Using Bucardo 5.3 to Migrate a Live PostgreSQL Database

Recently, we did some exploration into PostgreSQL tools for data migration, and Bucardo was by far the most popular choice. It’s a tool that is long in the tooth, which tends to mean stable. However, when doing the research, we didn’t find a simple, up-to-date tutorial for Bucardo. That helps no one, so we've put together this tutorial to assist new, and old users of Bucardo to apply it to live migration.

The Components

The Source Database: This will be the PostgreSQL database which holds the data we want to replicate. You won't need superuser access to this database as long as you can run these two commands on it:

SET session_replication_role = `replica`;  
CREATE EXTENSION plperl;  

If you can run them without complaint, then you're good to go. If not, then check the Running without Superuser at the end of this article as it may give you a way to still run Bucardo.

The Destination Database: This will be the database that the Source Database will be copied into. Same terms apply to this database, you'll need to be able to run:

SET session_replication_role = `replica`;  
CREATE EXTENSION plperl;  

without complaint to continue. Or, again, you could refer to the Running without Superuser section.

Bucardo 5.3: You will, naturally, require the latest version of Bucardo which you can download from https://github.com/bucardo/bucardo/releases/tag/5.3.1. The code will need somewhere to run which is where the Bucardo PostgreSQL comes in...

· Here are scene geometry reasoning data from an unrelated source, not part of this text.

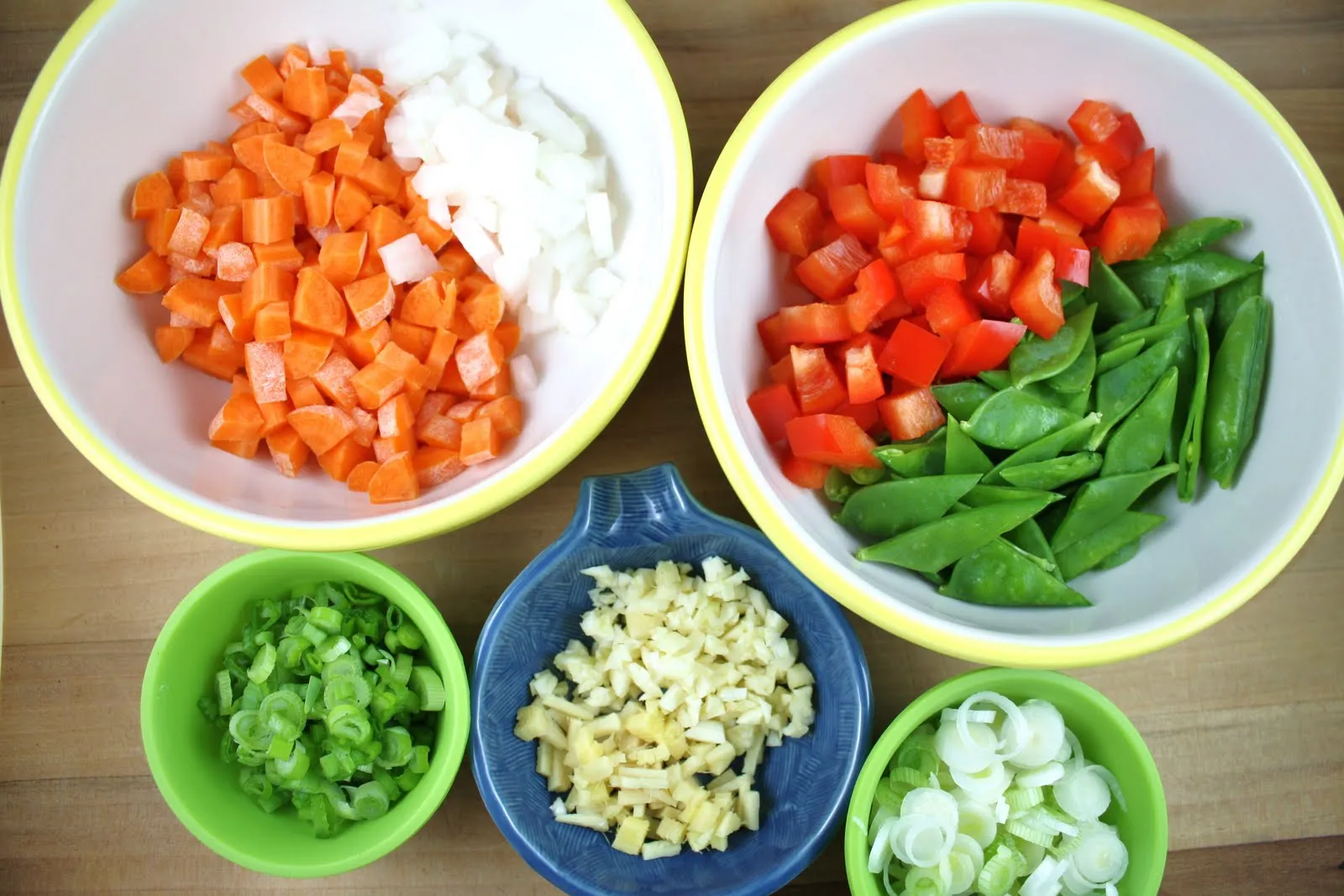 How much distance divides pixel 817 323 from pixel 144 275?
110cm

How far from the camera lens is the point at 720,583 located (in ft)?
5.95

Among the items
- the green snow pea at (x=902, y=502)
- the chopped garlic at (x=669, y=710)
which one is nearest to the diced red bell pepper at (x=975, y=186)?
the green snow pea at (x=902, y=502)

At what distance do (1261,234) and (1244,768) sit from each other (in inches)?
37.9

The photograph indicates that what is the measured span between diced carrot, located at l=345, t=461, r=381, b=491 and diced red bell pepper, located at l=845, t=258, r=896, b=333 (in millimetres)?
794

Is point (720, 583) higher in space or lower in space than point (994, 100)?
lower

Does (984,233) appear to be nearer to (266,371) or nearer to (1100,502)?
(1100,502)

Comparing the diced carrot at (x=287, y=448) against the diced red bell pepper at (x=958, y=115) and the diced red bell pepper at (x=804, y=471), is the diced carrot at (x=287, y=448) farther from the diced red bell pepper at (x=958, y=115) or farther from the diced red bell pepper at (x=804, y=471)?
the diced red bell pepper at (x=958, y=115)

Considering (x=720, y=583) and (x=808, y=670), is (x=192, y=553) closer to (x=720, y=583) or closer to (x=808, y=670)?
(x=720, y=583)

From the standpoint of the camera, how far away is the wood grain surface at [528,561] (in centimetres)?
192

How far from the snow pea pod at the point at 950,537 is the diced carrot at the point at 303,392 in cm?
91

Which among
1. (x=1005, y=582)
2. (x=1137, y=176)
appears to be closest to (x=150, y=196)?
(x=1005, y=582)

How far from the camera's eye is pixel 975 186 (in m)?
1.64

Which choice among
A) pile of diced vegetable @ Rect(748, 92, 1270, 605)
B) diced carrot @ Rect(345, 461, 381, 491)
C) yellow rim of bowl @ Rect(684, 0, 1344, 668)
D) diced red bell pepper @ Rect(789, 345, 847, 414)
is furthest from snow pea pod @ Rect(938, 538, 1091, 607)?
diced carrot @ Rect(345, 461, 381, 491)

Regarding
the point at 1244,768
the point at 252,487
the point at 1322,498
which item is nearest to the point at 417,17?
the point at 252,487
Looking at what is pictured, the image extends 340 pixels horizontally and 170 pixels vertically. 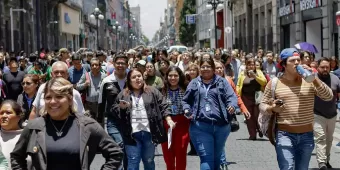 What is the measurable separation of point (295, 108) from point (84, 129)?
10.1ft

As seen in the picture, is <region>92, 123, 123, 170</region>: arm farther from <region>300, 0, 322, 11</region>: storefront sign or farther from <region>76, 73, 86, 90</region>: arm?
<region>300, 0, 322, 11</region>: storefront sign

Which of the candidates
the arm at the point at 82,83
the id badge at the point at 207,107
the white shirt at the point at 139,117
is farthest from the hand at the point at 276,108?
the arm at the point at 82,83

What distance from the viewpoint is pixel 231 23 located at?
196 ft

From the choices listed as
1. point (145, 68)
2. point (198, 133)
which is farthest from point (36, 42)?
point (198, 133)

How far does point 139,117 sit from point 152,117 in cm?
15

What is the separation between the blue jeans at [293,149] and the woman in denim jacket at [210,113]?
127 cm

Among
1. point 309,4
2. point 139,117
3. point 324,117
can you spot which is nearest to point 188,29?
point 309,4

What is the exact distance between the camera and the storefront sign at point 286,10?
34.1m

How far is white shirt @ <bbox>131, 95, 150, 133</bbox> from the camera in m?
8.41

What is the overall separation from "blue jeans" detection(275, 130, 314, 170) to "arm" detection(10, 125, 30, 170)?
311cm

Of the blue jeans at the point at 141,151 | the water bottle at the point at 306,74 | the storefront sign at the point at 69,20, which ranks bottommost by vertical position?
the blue jeans at the point at 141,151

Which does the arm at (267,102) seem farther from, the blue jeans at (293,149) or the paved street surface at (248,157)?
the paved street surface at (248,157)

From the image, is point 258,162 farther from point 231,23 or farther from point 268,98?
point 231,23

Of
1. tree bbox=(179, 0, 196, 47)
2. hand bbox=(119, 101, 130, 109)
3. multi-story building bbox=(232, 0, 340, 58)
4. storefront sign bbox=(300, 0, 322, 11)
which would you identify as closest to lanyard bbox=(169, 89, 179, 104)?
hand bbox=(119, 101, 130, 109) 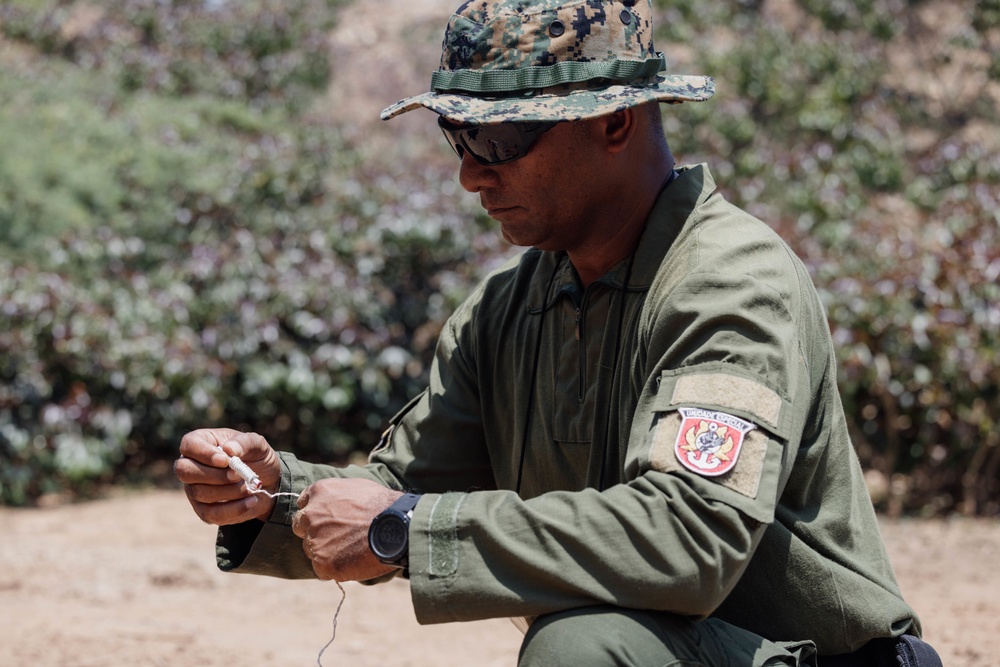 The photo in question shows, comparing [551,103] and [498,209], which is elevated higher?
[551,103]

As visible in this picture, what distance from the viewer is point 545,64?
223 centimetres

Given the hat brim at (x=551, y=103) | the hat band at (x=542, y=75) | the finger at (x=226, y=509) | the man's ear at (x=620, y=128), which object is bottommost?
the finger at (x=226, y=509)

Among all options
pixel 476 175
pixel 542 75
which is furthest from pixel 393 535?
pixel 542 75

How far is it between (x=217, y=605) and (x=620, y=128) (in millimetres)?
2923

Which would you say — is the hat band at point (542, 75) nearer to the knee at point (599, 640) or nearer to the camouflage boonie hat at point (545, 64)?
the camouflage boonie hat at point (545, 64)

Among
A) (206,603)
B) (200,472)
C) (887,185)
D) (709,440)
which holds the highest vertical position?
(709,440)

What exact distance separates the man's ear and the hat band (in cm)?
6

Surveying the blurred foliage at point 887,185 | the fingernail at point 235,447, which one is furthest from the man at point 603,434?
the blurred foliage at point 887,185

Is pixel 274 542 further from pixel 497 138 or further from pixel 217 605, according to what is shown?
pixel 217 605

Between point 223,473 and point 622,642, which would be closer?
point 622,642

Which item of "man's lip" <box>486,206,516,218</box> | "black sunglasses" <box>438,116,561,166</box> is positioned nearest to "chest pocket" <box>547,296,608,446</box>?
"man's lip" <box>486,206,516,218</box>

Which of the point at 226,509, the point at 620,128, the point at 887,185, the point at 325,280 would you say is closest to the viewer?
the point at 620,128

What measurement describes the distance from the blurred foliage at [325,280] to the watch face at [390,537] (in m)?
3.63

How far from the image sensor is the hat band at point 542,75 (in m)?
2.21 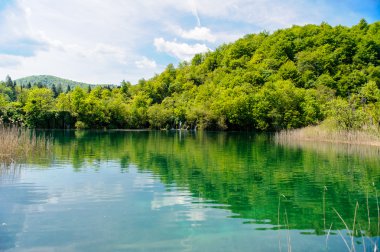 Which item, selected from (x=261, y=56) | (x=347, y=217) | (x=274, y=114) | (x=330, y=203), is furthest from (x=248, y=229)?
(x=261, y=56)

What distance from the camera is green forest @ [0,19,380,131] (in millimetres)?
70250

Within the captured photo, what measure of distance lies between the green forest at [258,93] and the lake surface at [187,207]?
43.8m

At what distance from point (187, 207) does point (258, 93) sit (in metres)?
66.7

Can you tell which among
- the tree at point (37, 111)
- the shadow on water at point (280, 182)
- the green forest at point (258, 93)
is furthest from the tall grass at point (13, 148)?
the tree at point (37, 111)

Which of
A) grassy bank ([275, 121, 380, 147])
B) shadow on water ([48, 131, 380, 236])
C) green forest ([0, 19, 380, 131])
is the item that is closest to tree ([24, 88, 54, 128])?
green forest ([0, 19, 380, 131])

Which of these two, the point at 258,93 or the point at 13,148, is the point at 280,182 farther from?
the point at 258,93

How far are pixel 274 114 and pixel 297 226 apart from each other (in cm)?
6112

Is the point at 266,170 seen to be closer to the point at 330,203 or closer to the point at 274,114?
the point at 330,203

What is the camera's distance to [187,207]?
448 inches

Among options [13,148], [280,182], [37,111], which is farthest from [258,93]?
[280,182]

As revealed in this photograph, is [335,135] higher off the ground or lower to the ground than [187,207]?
higher

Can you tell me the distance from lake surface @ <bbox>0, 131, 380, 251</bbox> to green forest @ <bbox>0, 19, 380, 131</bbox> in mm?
43801

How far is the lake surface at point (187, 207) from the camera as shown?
27.0 feet

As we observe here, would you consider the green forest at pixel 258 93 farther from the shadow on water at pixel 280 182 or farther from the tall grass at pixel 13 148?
the tall grass at pixel 13 148
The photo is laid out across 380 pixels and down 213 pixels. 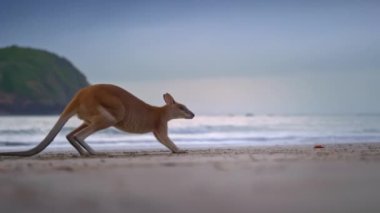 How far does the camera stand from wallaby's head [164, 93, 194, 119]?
10398mm

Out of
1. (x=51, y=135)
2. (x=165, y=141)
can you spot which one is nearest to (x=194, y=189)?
(x=51, y=135)

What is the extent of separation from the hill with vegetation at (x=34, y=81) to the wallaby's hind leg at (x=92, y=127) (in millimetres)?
31336

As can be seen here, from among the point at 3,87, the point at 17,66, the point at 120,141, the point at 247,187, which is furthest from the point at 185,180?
the point at 17,66

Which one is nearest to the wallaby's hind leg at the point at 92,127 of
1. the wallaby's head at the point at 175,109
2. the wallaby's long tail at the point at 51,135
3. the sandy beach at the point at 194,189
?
the wallaby's long tail at the point at 51,135

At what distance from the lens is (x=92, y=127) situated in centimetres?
885

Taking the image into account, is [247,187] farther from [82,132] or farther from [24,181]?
[82,132]

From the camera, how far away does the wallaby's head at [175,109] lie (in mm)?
10398

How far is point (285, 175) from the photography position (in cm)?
486

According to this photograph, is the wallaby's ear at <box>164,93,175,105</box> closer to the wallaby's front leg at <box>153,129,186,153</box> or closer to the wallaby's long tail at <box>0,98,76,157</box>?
the wallaby's front leg at <box>153,129,186,153</box>

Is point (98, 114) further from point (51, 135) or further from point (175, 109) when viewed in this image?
point (175, 109)

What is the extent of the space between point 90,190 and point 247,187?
3.73 feet

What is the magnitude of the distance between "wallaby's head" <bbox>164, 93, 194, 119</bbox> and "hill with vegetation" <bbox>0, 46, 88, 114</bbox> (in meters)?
30.3

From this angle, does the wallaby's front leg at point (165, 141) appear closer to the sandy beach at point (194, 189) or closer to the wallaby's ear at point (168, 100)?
Result: the wallaby's ear at point (168, 100)

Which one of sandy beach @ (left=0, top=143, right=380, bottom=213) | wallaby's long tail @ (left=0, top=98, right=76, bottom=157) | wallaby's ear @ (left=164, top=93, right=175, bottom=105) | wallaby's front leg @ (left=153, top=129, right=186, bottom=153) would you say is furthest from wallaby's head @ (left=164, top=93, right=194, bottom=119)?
sandy beach @ (left=0, top=143, right=380, bottom=213) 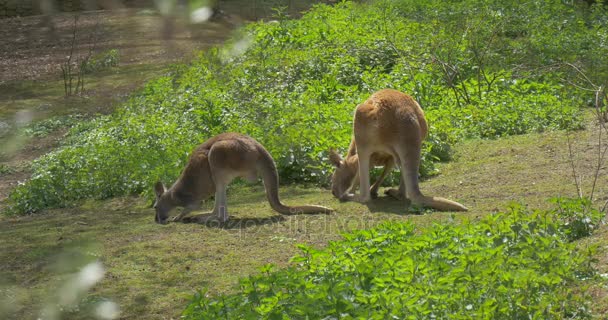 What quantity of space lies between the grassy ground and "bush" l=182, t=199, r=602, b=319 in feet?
1.13

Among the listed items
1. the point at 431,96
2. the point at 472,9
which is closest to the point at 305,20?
the point at 472,9

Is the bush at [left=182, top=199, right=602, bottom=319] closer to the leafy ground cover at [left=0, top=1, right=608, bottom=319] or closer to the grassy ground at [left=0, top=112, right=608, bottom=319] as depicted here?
the leafy ground cover at [left=0, top=1, right=608, bottom=319]

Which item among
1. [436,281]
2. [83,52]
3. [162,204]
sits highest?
[436,281]

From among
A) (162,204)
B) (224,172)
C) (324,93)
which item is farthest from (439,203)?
(324,93)

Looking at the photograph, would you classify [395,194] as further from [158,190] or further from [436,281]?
[436,281]

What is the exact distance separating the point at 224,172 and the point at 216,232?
544 millimetres

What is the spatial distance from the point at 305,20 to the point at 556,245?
12.7 meters

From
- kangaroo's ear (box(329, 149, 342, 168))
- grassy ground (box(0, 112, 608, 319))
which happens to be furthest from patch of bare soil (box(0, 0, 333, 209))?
kangaroo's ear (box(329, 149, 342, 168))

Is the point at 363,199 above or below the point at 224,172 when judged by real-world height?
below

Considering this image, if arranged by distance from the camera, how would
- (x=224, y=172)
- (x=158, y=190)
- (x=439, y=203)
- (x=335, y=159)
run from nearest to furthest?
(x=439, y=203)
(x=224, y=172)
(x=158, y=190)
(x=335, y=159)

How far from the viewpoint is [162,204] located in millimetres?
8469

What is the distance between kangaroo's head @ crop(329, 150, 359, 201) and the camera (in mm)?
8602

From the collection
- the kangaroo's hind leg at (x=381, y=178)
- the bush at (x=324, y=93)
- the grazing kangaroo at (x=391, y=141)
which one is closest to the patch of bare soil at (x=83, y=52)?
the bush at (x=324, y=93)

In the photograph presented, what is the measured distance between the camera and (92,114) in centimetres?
1611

Bucardo PostgreSQL: This is the PostgreSQL data store used by Burcardo. You'll need superuser access to this as it uses the untrusted version of PL/Perl plperlu. That also means it can't be hosted on most services (including Compose's PostgreSQL).

Setting up Bucardo

1. Get dependencies

We'll be creating the Bucardo PostgreSQL installation on a fresh Ubuntu 14.04 LTS system. We'll need to install a few things for that to happen. To install all the needed packages:

sudo apt-get install libdbi-perl libdbd-pg-perl libboolean-perl wget build-essential libreadline-dev libz-dev autoconf bison libtool libgeos-c1 libproj-dev libgdal-dev libxml2-dev libxml2-utils libjson0-dev xsltproc docbook-xsl docbook-mathml libossp-uuid-dev libperl-dev libdbix-safe-perl postgresql postgresql-plperl  

2. Get Bucardo

With all those dependencies in place, we can can now download the source of Bucardo. Let's download and unpack it into the well-known location /usr/local/src:

sudo chown $USER:$USER /usr/local/src  
cd /usr/local/src  
wget https://github.com/bucardo/bucardo/archive/5.3.1.tar.gz  
tar zxvf 5.3.1.tar.gz  
cd bucardo*  

3. Set up required directories

The Bucardo PostgreSQL will need to keep various files so we'll give it a directory in /var/log and /var/run to work with.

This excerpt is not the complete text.